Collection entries

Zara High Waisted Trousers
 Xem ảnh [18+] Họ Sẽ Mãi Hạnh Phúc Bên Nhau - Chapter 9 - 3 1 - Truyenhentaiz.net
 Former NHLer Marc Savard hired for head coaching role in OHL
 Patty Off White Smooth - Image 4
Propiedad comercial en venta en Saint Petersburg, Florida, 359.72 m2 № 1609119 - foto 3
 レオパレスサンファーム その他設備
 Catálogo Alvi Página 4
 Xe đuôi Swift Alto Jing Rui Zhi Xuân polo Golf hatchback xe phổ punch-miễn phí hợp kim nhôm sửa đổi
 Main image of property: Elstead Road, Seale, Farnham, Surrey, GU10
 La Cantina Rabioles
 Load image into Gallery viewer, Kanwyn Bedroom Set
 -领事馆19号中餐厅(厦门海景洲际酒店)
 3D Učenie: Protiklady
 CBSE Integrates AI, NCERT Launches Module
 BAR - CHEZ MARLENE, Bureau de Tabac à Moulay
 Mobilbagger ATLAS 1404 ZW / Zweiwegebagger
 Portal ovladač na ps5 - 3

### Required work
Could you repeat exactly the lines above from the line with "Patty Off White Smooth - Image 4" up to and including the line with "La Cantina Rabioles", and only those?

### Answer section
 Patty Off White Smooth - Image 4
Propiedad comercial en venta en Saint Petersburg, Florida, 359.72 m2 № 1609119 - foto 3
 レオパレスサンファーム その他設備
 Catálogo Alvi Página 4
 Xe đuôi Swift Alto Jing Rui Zhi Xuân polo Golf hatchback xe phổ punch-miễn phí hợp kim nhôm sửa đổi
 Main image of property: Elstead Road, Seale, Farnham, Surrey, GU10
 La Cantina Rabioles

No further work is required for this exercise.